Si bien hubo algunos relevos en su largo periplo, el quinteto fue una formación estable, audaz y sin duda consagratoria para su fundador. Una formación capaz incluso de sobrevivir a las enojosas mudanzas que Astor llevó a cabo de un sello discográfico a otro. En el quinteto, el bandoneón pudo darse el gusto de frasear más libremente, en un marco rítmico dinámico, pletórico de síncopas que hacían bailotear las corcheas sobre la pulsación en negras del contrabajo medio canyengue de Kicho Díaz, mientras los otros instrumentos, nunca limitados a un mero acompañamiento, destacaban por turno o en simultaneidad con los planteos armónicos del director.
APOLOGÍA DEL GOCE
El deseo de Piazzolla de que sus músicos transmitieran una actitud de goce en la ejecución –Astor afirmaba que, a diferencia de los músicos de jazz, los tangueros carecían de esta– se hizo realidad en el Quinteto. A pesar de las críticas de los tradicionalistas y las frecuentes dificultades económicas, aquellos años fueron de plenitud para Astor. Cuando en 1978, ya convertido en una figura de relieve internacional, decidió refundar el grupo de cinco (sólo sobrevivió el guitarrista de la formación primera), un déjà vu de aquel Nuevo Tango de los años 60 impregnó las presentaciones de Fernando Suárez Paz, Pablo Ziegler, Oscar López Ruiz y Héctor Console. Al frente de su segundo Quinteto, Piazzolla estrenó nuevos arreglos, escribió complejas cadencias para piano y violín y alcanzó un grado de virtuosismo posiblemente único en toda su vida. Sin embargo, como señala Omar García Brunelli, exceptuando “La camorra” y algunos pocos estrenos, el repertorio de esta etapa no se alejó mucho de lo que el compositor había escrito entre 1960 y 1973.
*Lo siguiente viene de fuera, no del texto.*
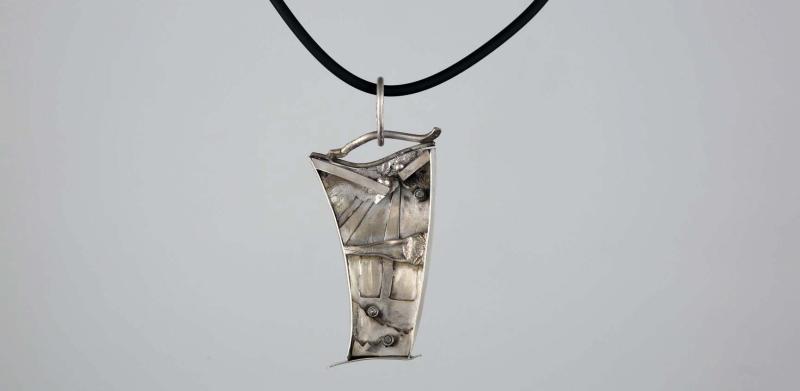 Photograph of a textured, asymmetric silver pendant on a black cord.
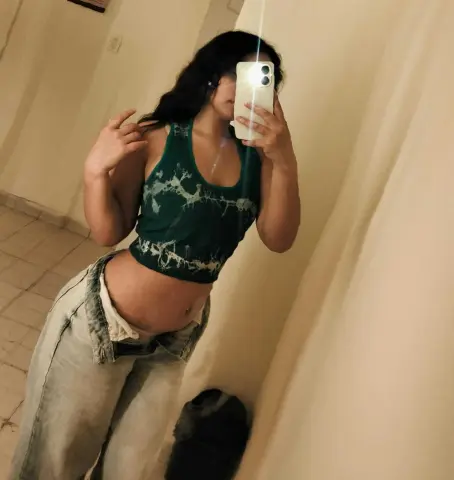 Young woman in a green tie-dye crop top and baggy jeans taking a casual mirror selfie in a bright room.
Si con su primer quinteto Astor encontró en Héctor De Rosas al cantor ocasional que su música esencialmente instrumental requería, el segundo quinteto evitó las voces humanas, salvo… la de Roberto Goyeneche. Con él, en un memorable concierto en el teatro Regina de 1982, Piazzolla pareció reconciliarse con el tango canción clásico (fueron de la partida “Cambalache”, “La última curda” y “Garúa”, además de “Chiquilín de Bachín”, “El gordo triste” y “Balada para un loco”), esa fuente primera de su identidad díscola y genial.